The vampires (the spelling with a Y just annoys me, so I'll use that and not the spelling the author prefers) have a history and have personalities. Duncan Gillespie, a vampire elder and a vampire prince, is ancient but not entitled, and he immediately stands out in a sea of "alphahole" vampire princes preying on gorgeous young people.
Right from the start, the author gives us bits and pieces of a wider world. Gillespie, for instance, wonders if he's beginning the life transition known as "the Fade." (Even vampires don't live forever.) But we know that Duncan is not one of the people on the cover--the male vampire is presumably the "Marcus" of the title and the woman (despite her less-than-corporate attire) is most assuredly Anais, the ambitious lawyer we're told Marcus has been mentoring.

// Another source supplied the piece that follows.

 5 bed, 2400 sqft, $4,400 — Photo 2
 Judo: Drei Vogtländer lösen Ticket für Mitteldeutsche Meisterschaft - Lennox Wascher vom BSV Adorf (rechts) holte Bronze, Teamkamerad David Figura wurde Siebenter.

We also learn (as with yesterday's book), that this vampire world contains witches, some of whom are vampire as well as witch. That works for me. I have a firend who writes a very sucessful series of paranormal romances about a witch clan in the southwest, and witches seem more interesting than just plain vampires. I also like that the story really is set in the real world. When we first hear about the vampire witch Ezekial, he is fighting battles in the Sinai, his magical clashes hidden beneath the very real conflict there. One of the things that I often find annoying about urban fantasy is that it so often simply takes place in a real world that has about as much reality as an episode of The Andy Griffith Show.
There's a lot to enjoy in this book, which throws in just about everything but the kitchen sink (portals, bird and swine flu epidemics, vampire scientists, deal-making in Shanghai). the writer takes time to set up the larger world before moving on to the romantic (and career) complications of our newborn vampire Anais.
Anais is probably not as focused as she could be, but in a scene where she needs all her wits about her, one of the participants in the negotiations sends her off-balance by calling her a name. We sympathize with her in that moment and she keeps our synpathy all the way to the end.
What I didn't like: The formatting is not very well done and there are lots of gaps in sentences and paragraphs. And there are occasionally redundant lines like the description of a sky that is "the color of deep pink." Simply saying it was a deep pink sky would have worked for me.
But really, I liked the narative tone. It's got a tinge of humor in it that tells us the writer isn't taking things too seriously or being too pretentious. I'll definitely check out the other books in the series.